Hi, I was waiting in a car park near the ferry terminal last September and there were a group of about 8 hoodied young men circulating, the police were patrolling and moving them on but  several times 1 went behind my van but soon moved when I reversed towards him, they were nowhere to be seen the next morning when I returned to meet up with the rest of the race team who had spent the night inside the port, I moved away to a village 15 minutes drive away and parked up for the night in a car park next to the tourist information office.

Graham


----------



## Fazerloz (Jun 14, 2018)

Thanks for the warning. If one gets under my van I will head South immediately.


----------



## Pauljenny (Jun 14, 2018)

alcam said:


> Sorry to denigrate the population of France , or any other nation , because of a sticker somewhere is frankly dreadful .
> To be fair not so unusual on here



I take folk as I find them. 
We've noticed a change in attitude amongst the people we meet on the aires.

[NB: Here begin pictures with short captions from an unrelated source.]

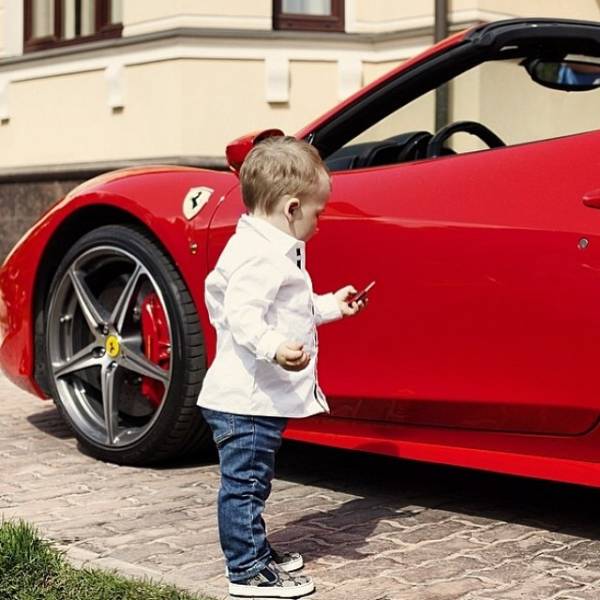 Мальчик у красной спортивной машины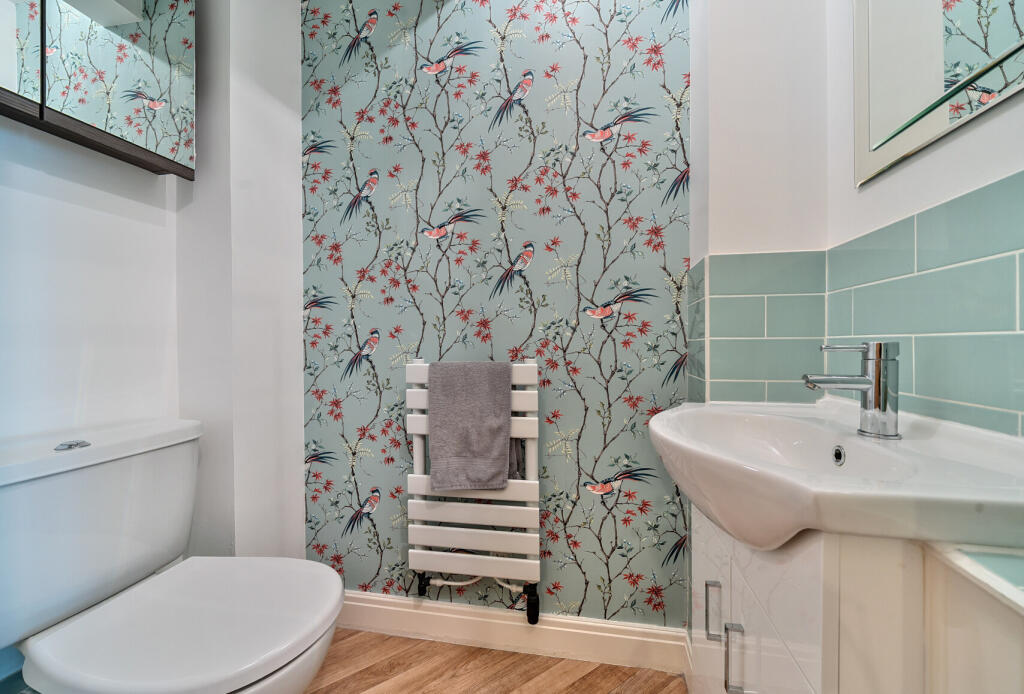 1318301-5-686bfb7...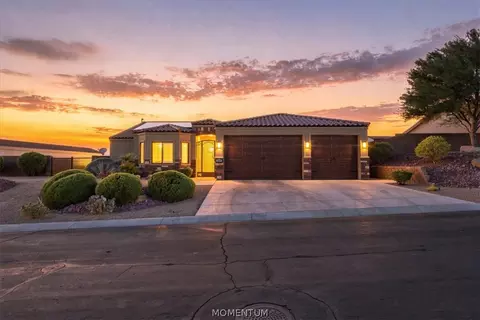 3267 Esmerelda Dr, Bullhead City, AZ 86429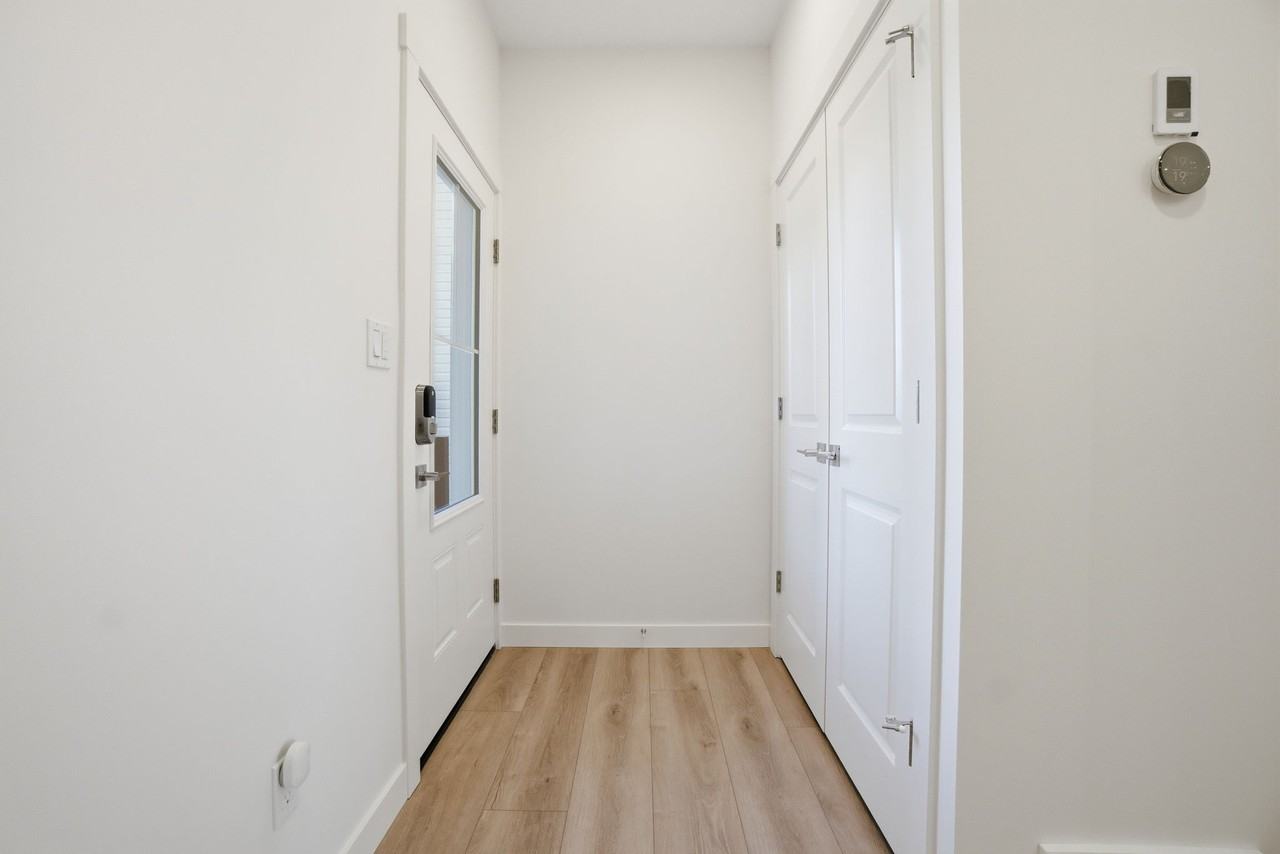 7104 47a St - Photo 5 of 50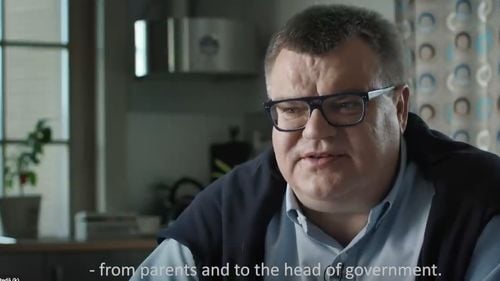 Unul dintre principalii opozanți ai dictatorului Lukașenko a apărut în fotografii cu un blogger pro-guvernamental / Nu se mai știa nimic de Viktor Babariko din 2023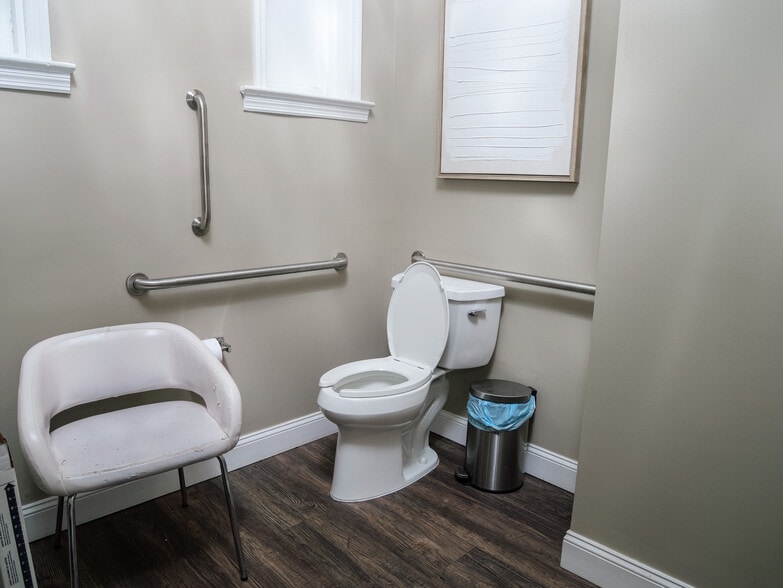 More Photos Of 86-88 Broad St, Red Bank Storefront Retail Office For Lease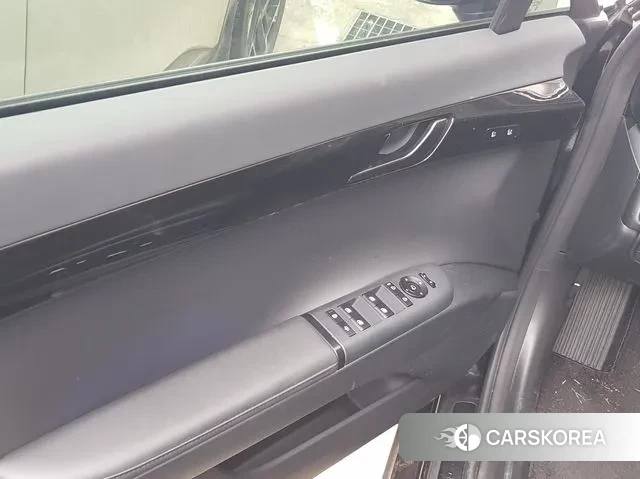 Hyundai Grandeur Hybrid (GN7) id 3507703 из Кореи 8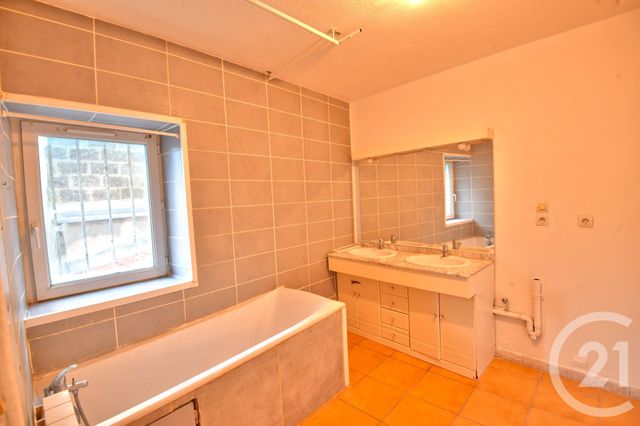 Appartement F5 à louer - 5 pièces - 99.0 m2 - BOURG DE PEAGE - 26 - RHONE-ALPES - Century 21 Orcalla Immobilier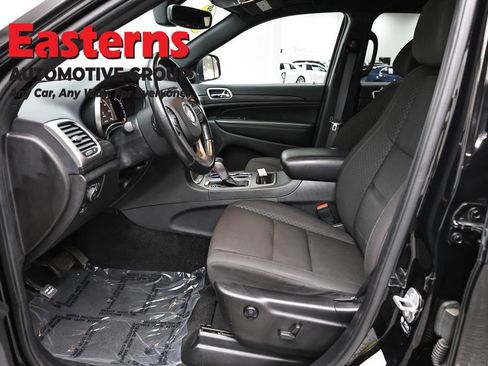 Used 2022 Jeep Grand Cherokee Laredo E w/ Security & Convenience Group image 14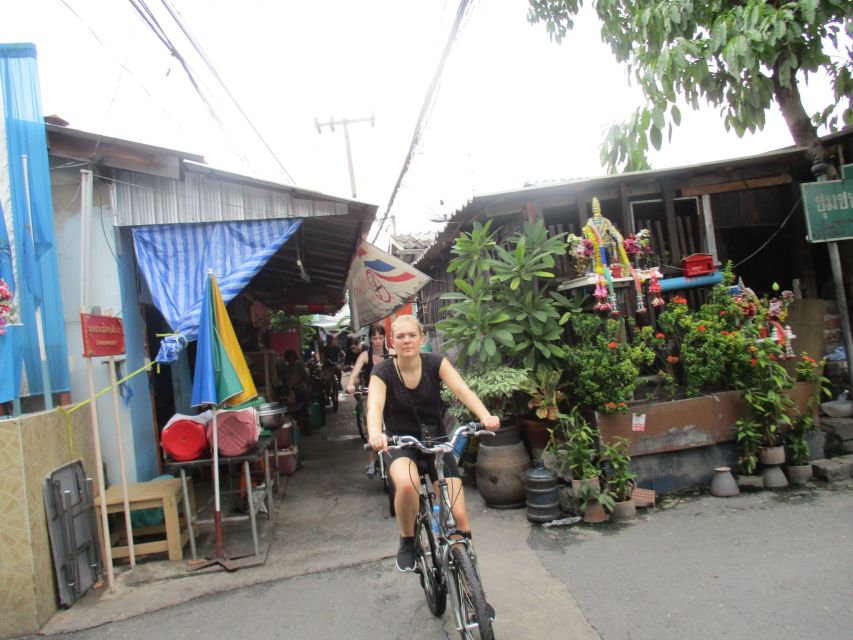 Bangkok Full-Day Bike Tour with Boat Transfer and Lunch - The back streets of Bangkok and the big fresh food market stop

Maybe we've been unlucky with our sampling of the population.
Maybe it's because we're older than most of the folk with their shiny new vans, that we meet nowadays.
Whatever.
If we feel we're unwelcome, we'll spend our hard earned elsewhere.
S.O.D.D.E.M !


----------



## Pauljenny (Jun 14, 2018)

1807truckman said:


> Hi, I was waiting in a car park near the ferry terminal last September and there were a group of about 8 hoodied young men circulating, the police were patrolling and moving them on but  several times 1 went behind my van but soon moved when I reversed towards him, they were nowhere to be seen the next morning when I returned to meet up with the rest of the race team who had spent the night inside the port, I moved away to a village 15 minutes drive away and parked up for the night in a car park next to the tourist information office.
> 
> Graham




Yeah,
We were there on the 12th.. Could have been the same lot ?
They didn't seem to have any luggage, but had mobile phones. How do they manage to charge the batteries and top up the credit?
Someone must be supporting them?


----------



## roamingman (Jun 14, 2018)

You have to remeber a lot of French people, not all, do not forgive us for destroying their navy in the war.  But I used to drive HGV's over 40 years ago, and met some wonderful French people.  Been back a few years ago still found good people.

Same in Scotland some do not like us, again not all, have some good Scotish friends in the UK and Scotland.

Same in Germany, you will always find good and bad people where ever you go.


----------



## runnach (Jun 14, 2018)

The French are remarkably like the British very fierce in their values and beliefs bordering on stubborn.

re meeting people for the first time I always found (unless in a café where its service) the French very guarded not rude but suspicious like an invisible wall when they have sussed you out that wall drops and you have lifelong friends in some cases. Conversly the Brits I think are more trusting until crossed.

The guarded nature of the French is nothing to do with us being Brits they are like it with each other.

I only had one frosty experience where it was apparent the lady interviewing me in a Assidic ( Job centre ) made it clear I should be home in England.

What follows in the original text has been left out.